いずれも、消えてしまうもの、日持ちするもの、職場で配れるように個包装になったものが好まれます。
費用はというと、休みや出張明けのお土産は個人、お中元やお歳暮は会社が負担するのが普通です。関係先訪問時の手土産は、ケースバイケースですね。
では、それぞれの贈り物にどのような意味があるのか、順に確認していきましょう。
休み・出張明けのお土産
有給休暇であれ、出張であれ、あなたが職場を離れている間はあなたの仕事もストップ。そういう職場は今のところ日本ではあまりないのではないでしょうか。
用意周到な方なら、関係先に事前に休む期間を知らせておくことで、スケジュールのコントロールを図ることもできるでしょうけれど、担当者が不在であるという理由で放置できる仕事ばかりではありません。あなたの留守中は、同じ部署の上司や同僚が急な仕事や電話での問い合わせに対処してくれているというのが実情でしょう。
そんなのお互い様でしょう、と思うかもしれません。
そうですよね。それに、そもそも何事も起こらない可能性だってあるわけです。でも、自分の留守中に起こったことを情報共有してもらった経験はあるのではないでしょうか?
何らかの形で支えてもらっているという意識から、同僚へのねぎらいと感謝のしるしとして「留守中お世話になりました」という言葉とともにお土産を渡すのです。お土産は、職場の潤滑油のような役割も果たします。
確かに、お土産をもらって悪い気はしませんね。迷うくらいならお土産を配るというのは覚えておいてよい処世術と言えます。
さて、お土産は、消えてしまう食品などが普通とお伝えしましたが、職場を離れている間に経験した話もお土産になります!
仕事中におしゃべりするわけにはいきませんが、休憩時間などにおススメの情報を紹介すると良いでしょう。
また、お土産を渡すとき、どうしてそのお土産を選んだのか、母国からのお土産の場合にはその説明など、他愛のない話がコミュニケーションを深めるきっかけとして有効です。
関係先訪問時の手土産
ビジネスの目的で関係先を訪問する時には、何も持たずに訪問する場合が多いのは事実です。
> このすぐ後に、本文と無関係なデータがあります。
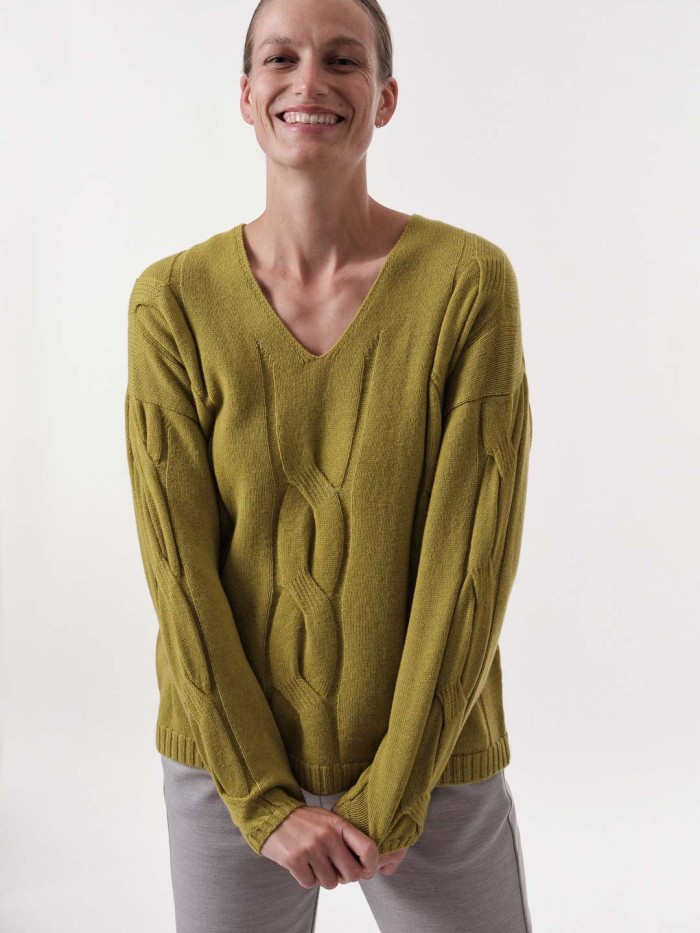 Knitted sweater with cable stitch 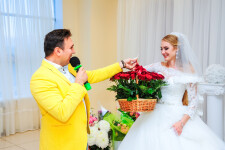 Застывший в работе. Изображение 72658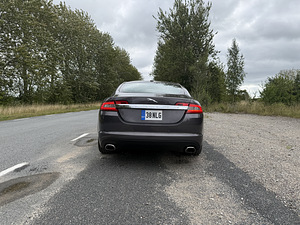Jaguar XF 4.2 Supercharged V8 (6 фото из 13)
でも、時によって手土産を持参して訪問する場合もあります。
たとえば、初めて訪問するとき。ご挨拶を兼ねて手土産を持参することがあります。
お土産などなくても良いのですが、時間を割いてもらうことへの感謝、今後のお付き合いのお願い、そして何よりもその場が和むので持っていくのです。
既存の関係先を訪問する場合に手土産を持っていくのは、お詫びをする場合を除けば、訪問者の機転によることがほとんどです。
それまでの会話から相手の好みを知っている場合、珍しいものが手に入った場合など、ビジネスの成否よりも人間関係に重きをおいて持っていきます。広い意味での仕事‘仲間’への配慮を示すことは、関係構築に役立つだけでなく、仕事に活かせる情報収集・交換につながることもあります。
つまり、個人に贈るというよりも、職場の皆さんでどうぞという意味で渡します。
お中元・お歳暮
既に取引のある相手先に対して、日ごろの感謝を示すために夏と年末の決まった時期に贈り物をする習慣があります。
年末は、日ごろの感謝に加えて「翌年もよろしくお願いします」という気持ちも含めます。夏(関東では7月上旬から15日))をお中元、年末(11月下旬~12月20日)をお歳暮と呼びます。
「職場の皆さんでどうぞ」という点は手土産と同じですが、昨今では持参するよりもデパートなどから送るのが主流です。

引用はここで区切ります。